Most people have mementos from their family’s past: an old watch worn by their great grandfather, a photo of their youthful mother, a love letter, a child’s drawing. These are treasures that are personal and are a connection to the past and a legacy to future generations. You would never consider throwing them away or tearing them up. Someone outside your family might do that. If you let the next generation of your family know about their significance they can keep them safe.
It’s the same way and even more so with old buildings. Cultural heritage buildings are in a community’s care. They are inherited from past generations who built them well and used them for entertainment and socializing.
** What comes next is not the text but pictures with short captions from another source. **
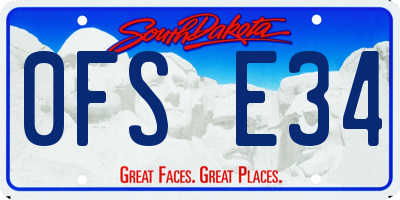 SD license plate 0FSE34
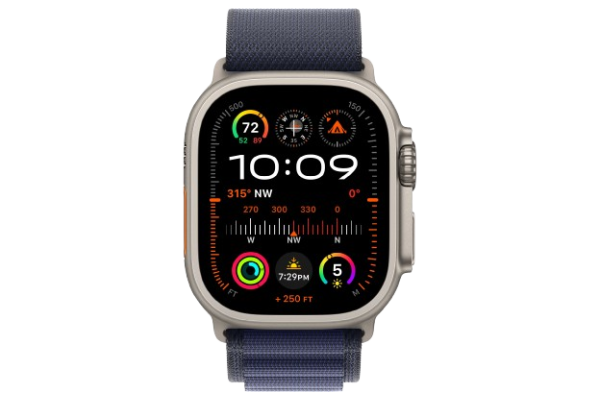 Apple Watch Ultra 2 2024 49mm Natural Titanium Case with Navy Alpine Loop - Large (MX4H3)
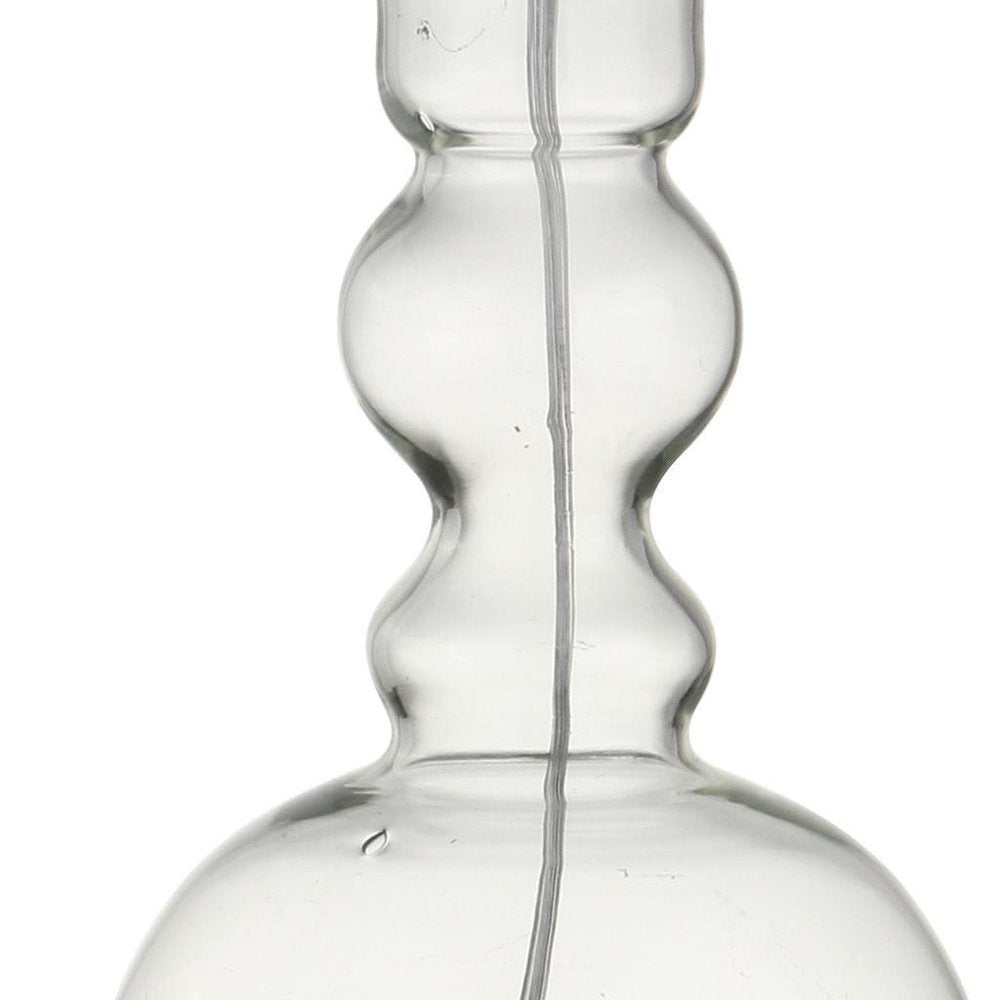 Set of Two 29" Clear Novelty Table Lamps LED With Drum Shades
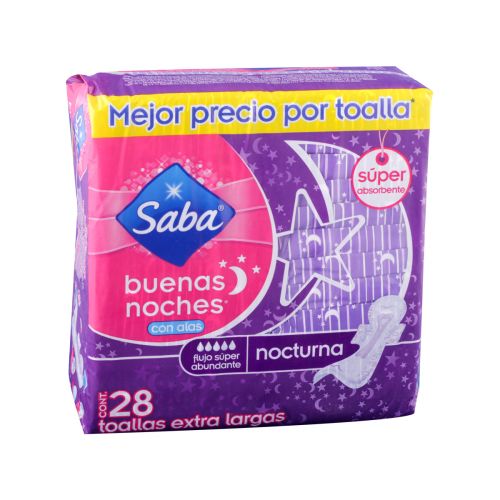 Farmacias del Ahorro | Toallas femeninas Saba Buenas Noches con alas 28  piezas | Tienda en línea a todo México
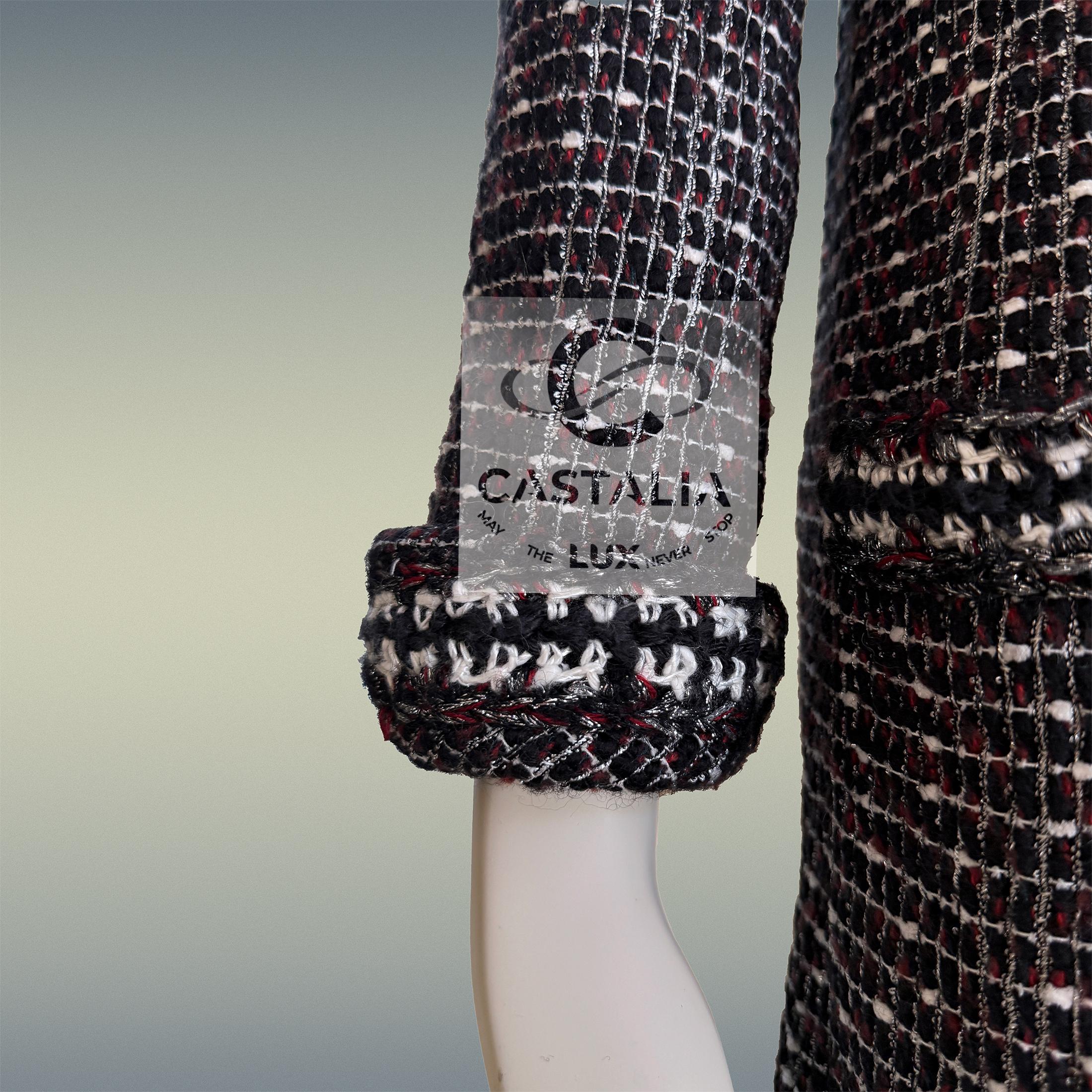 Chanel Georgia Jagger Giacca in tweed nero 36 FR in vendita 9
If they are significant enough in our collective psyche they are maintained in the present with the idea of bestowing them for the benefit and pleasure of future generations. They have much to tell us about our past, our social customs, the tastes of the period, the unique architecture and in the case of the Paramount, the movies and all the latest technology available at the time to show them.
When you demolish a community’s history you are severing the connection we all need for the past – whether we ever stepped through those doors we can still appreciate that link to past lives. We savour the sense that people walked this street, loved this house, enjoyed this theatre. By throwing away this building and the historical artifacts that lie within you are saying that nothing of this building’s cultural heritage is important or significant to the community’s history. Instead a sign can say, “Here once stood…”
No one ever says, I used to have my grandfather’s watch but I threw it away because it didn’t work. I tore up my mother’s photo because it took up room on my desk. I needed more space on the wall for another picture so I got rid of my two-year old’s scribble. Deeper connections require careful actions.
That is why you bother saving The Paramount.